**Assignment**. Everything from the line holding "Auf dem Bild ist das Puppentheater zu sehen." to the end of the data must be reproduced exactly; include both boundary lines and nothing else.
>>
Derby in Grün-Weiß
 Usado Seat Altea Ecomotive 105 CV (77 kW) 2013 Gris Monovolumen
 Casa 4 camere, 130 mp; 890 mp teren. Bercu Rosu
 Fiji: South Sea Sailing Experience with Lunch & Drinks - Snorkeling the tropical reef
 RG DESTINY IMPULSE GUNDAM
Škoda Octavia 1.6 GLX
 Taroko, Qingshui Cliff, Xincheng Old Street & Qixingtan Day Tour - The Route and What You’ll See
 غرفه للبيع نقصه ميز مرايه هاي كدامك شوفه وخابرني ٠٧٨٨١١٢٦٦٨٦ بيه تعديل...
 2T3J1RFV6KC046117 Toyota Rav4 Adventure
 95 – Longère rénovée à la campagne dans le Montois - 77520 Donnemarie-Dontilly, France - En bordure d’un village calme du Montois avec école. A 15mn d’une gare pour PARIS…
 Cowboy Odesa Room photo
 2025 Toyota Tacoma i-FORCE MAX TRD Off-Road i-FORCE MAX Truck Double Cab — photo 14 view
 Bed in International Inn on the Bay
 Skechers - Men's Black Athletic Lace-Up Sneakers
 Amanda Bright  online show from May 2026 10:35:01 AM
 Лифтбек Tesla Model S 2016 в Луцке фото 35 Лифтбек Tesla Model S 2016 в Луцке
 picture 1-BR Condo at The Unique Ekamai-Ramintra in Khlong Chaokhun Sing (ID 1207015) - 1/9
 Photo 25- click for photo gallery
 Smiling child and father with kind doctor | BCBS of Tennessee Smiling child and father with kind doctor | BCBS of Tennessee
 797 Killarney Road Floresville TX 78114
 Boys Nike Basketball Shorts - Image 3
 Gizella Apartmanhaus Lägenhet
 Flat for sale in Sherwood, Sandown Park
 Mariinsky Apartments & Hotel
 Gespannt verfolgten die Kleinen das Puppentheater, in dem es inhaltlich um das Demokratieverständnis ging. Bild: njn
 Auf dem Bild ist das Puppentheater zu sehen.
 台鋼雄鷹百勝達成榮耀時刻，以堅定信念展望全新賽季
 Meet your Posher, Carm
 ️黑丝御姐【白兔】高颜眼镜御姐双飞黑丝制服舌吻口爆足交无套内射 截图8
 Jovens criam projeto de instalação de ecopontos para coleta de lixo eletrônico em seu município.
<<
**Final answer**.
 Auf dem Bild ist das Puppentheater zu sehen.
 台鋼雄鷹百勝達成榮耀時刻，以堅定信念展望全新賽季
 Meet your Posher, Carm
 ️黑丝御姐【白兔】高颜眼镜御姐双飞黑丝制服舌吻口爆足交无套内射 截图8
 Jovens criam projeto de instalação de ecopontos para coleta de lixo eletrônico em seu município.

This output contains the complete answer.